Das zweite Drittel verlief wesentlich ausgeglichener, was die Torschüsse anging. Nur 43 Sekunden lagen in der 28. Spielminute zwischen dem 2:1 und dem 2:2. Nur fünf Minuten später schlug sich das Momentum dann endgütlig auf die Seite der Heimmannschaft. In der 34. Minute gelang Steven Stamkos das 3:2 für Anaheim. 47 Sekunden später konnte das Team von der Westküste in Unterzahl auf 4:2 erhöhen. Das Tor erzielte ausgerechnet Andrew Cogliano! Der Unterzahlspezialist war zu Saisonbeginn den Winnipeg Jets angeboten worden, das Management der Jets hatte sich seinerzeit jedoch gegen einen Transfer entschieden.

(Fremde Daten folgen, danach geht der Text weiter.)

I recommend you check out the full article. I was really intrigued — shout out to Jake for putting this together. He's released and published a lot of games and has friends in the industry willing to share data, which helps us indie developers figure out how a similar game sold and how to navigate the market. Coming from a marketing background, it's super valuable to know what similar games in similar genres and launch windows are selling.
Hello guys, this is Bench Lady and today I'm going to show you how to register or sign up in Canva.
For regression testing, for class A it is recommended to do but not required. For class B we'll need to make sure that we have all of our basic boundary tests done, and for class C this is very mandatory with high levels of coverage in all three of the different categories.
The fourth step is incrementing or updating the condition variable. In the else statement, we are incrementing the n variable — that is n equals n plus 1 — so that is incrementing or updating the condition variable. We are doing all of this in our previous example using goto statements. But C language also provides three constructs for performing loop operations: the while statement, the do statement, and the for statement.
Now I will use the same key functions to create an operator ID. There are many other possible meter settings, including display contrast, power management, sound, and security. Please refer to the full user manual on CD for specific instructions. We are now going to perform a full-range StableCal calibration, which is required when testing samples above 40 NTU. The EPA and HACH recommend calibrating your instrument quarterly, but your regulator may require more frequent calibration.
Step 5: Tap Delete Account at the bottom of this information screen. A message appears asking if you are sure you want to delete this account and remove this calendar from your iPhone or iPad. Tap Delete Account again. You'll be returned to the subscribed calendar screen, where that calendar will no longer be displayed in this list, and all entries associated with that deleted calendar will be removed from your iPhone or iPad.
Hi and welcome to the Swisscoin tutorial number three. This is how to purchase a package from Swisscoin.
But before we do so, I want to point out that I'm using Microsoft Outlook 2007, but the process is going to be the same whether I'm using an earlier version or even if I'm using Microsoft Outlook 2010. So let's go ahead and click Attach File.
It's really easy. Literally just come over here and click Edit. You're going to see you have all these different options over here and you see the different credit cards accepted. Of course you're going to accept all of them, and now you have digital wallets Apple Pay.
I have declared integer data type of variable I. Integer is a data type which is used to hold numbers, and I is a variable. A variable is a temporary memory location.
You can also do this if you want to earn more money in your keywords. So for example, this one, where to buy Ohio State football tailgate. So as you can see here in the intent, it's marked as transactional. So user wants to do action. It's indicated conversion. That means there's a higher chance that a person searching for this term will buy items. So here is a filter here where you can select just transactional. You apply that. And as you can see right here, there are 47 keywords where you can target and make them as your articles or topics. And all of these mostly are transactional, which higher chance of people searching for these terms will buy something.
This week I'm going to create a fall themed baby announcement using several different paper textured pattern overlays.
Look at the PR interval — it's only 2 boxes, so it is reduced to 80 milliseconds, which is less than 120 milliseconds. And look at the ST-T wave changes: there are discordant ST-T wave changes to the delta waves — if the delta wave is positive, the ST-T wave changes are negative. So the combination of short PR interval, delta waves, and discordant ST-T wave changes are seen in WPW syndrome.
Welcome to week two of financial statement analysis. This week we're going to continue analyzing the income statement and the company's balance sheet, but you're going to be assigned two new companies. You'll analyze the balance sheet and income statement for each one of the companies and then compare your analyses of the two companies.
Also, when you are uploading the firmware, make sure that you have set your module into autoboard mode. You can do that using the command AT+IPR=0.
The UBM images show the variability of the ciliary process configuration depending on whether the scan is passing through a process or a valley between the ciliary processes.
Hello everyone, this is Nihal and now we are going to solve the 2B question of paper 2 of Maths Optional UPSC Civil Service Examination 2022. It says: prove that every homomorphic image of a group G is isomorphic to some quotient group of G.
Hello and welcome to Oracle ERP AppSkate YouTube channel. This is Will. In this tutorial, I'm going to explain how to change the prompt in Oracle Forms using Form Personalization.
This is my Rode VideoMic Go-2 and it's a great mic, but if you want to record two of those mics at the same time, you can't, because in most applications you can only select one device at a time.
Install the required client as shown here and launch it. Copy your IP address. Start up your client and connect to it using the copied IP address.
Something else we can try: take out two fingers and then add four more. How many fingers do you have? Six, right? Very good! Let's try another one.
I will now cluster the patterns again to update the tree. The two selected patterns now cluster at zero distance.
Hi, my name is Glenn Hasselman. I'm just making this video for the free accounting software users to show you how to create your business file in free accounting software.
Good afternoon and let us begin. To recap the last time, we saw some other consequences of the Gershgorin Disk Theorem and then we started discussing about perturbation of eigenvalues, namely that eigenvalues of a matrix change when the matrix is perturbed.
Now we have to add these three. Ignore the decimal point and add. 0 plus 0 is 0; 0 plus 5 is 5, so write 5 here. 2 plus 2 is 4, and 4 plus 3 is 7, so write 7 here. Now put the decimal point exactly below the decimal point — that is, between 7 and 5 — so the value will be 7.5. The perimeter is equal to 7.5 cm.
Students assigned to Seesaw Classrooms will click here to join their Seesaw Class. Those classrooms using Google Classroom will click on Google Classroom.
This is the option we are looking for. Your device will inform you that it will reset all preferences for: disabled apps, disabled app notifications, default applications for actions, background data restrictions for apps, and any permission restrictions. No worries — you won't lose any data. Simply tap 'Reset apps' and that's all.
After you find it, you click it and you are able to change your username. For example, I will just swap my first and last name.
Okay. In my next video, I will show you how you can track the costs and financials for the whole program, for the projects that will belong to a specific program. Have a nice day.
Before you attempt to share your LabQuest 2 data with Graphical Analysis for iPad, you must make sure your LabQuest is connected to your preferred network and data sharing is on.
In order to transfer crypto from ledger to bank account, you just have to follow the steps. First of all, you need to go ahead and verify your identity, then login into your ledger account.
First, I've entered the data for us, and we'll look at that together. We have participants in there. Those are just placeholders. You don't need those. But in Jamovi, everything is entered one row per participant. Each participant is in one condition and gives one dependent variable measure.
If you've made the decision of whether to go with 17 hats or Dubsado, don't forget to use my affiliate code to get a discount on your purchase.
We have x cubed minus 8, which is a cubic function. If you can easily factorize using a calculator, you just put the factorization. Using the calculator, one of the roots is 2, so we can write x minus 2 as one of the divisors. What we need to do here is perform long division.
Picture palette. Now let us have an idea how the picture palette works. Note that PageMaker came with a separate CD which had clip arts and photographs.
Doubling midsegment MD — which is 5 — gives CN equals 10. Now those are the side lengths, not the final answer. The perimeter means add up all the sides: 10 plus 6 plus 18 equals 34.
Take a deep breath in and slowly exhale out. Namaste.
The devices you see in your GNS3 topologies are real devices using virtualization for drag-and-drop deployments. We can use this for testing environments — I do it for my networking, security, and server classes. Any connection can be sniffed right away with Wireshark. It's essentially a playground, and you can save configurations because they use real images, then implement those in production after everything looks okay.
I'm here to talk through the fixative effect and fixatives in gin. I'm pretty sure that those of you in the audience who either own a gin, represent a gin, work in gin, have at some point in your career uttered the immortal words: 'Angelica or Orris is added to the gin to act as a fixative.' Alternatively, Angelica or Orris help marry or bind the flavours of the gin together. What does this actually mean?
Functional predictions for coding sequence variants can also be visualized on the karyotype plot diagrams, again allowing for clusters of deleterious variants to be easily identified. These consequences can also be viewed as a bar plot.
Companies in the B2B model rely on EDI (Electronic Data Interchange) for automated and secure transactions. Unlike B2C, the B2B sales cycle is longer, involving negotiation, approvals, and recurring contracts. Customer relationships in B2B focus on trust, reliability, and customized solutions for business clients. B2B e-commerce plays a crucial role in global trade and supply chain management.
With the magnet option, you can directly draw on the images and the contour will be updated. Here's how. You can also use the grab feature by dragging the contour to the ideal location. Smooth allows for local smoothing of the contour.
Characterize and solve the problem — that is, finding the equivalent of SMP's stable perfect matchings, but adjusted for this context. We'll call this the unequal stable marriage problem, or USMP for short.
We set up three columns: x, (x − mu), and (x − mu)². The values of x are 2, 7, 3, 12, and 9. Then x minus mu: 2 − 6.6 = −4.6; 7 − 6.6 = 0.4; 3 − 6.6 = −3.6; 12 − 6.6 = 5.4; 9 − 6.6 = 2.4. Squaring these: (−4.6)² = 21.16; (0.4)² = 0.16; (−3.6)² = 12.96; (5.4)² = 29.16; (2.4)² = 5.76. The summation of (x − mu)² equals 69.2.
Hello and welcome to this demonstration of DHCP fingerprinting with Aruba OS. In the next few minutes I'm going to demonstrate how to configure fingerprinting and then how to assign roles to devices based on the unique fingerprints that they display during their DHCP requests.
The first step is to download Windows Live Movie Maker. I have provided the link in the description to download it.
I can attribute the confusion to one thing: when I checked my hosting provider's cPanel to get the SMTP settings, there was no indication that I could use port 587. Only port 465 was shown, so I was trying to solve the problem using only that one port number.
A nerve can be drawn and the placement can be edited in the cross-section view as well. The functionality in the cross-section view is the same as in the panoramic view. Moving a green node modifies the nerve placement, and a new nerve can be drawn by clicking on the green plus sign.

Im Schlussabschnitt versuchten die Jets noch einmal alles, um wieder ins Spiel zu kommen. Rookie Patrik Laine, der sich berechtigte Hoffnung auf den Gewinn der Calder Trophy in diesem Jahr machen darf, erzielte den 3:4-Anschluss sieben Minuten vor dem Ende. Als die Jets in der Schlussphase volles Risiko gingen und Braden Holtby zugunsten einen sechsten Spielers vom Eis nahmen, entschied ein Empty Net von Mats Zuccarello 80 Sekunden vor der Schluss-Sirene Spiel und Serie für die Kalifornier.

Während für die Jets die Saison beendet ist, gehen die Eishockey-Playoffs in Winnipeg aber weiter. Die Manitoba Moose haben heute im Conference-Finale der AHL ebenfalls ihr siebtes Spiel gegen die Hamilton Bulldogs. Hier führten die Moose bereits mit 3:1 Siegen, doch die Bulldogs konnten mit zwei Siegen in Serie das Entscheidungsspiel erzwingen. Vielleicht geht zumindest im Farm Team die Reise weiter. Head Coach Paul MacLean wird in seinem potentiell letzten Spiel für die Moose personell aus dem Vollen schöpfen können.